Wie funktioniert die Verrechnung mit der Vorsteuer?
Freiberufler, die die Mehrwertsteuer vereinnahmen, dürfen diese mit der sogenannten Vorsteuer verrechnen. Die Vorsteuer ist die Steuer, die Unternehmern und Unternehmerinnen als Mehrwertsteuer in Rechnung gestellt wird, wenn sie ihrerseits Waren oder Dienstleistungen für die eigene Selbstständigkeit erwerben.
Hier ein kurzes Praxisbeispiel zum Vorsteuerabzug:
- Sie verkaufen Waren für 10.000 Euro netto. Die Mehrwertsteuer für diese beträgt 1.900 Euro.

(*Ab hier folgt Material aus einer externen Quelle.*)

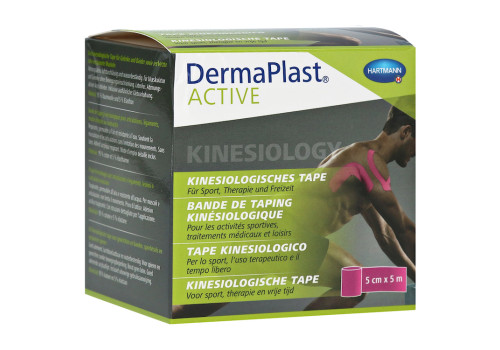 DERMAPLAST Active Kinesiology Tape 5 cmx5 m pink – PZN 12903049 (PZN 12903049)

- Um Ihre Produkte herzustellen, haben Sie Waren mit einem Nettowert von 6.000 Euro bezogen. Für diese wurde außerdem ein Mehrwertsteuerbetrag von 1.140 Euro fällig. Dieser Mehrwertsteuerbetrag gilt für Sie als Vorsteuer.
- Sie können diese Vorsteuer von der ans Finanzamt abzuführenden Mehrwertsteuer abziehen. Sie führen also 760 Euro Mehrwertsteuer (1.900 Euro – 1.140 Euro) ans Finanzamt ab.
Einige Unternehmer können ihre Vorsteuer auch pauschal abziehen. Das ist allerdings nur möglich, wenn sie die Einnahmen-Überschuss-Rechnung durchführen, unter einer gewissen Umsatzgrenze bleiben und zu einer bestimmten Berufsgruppe gehören.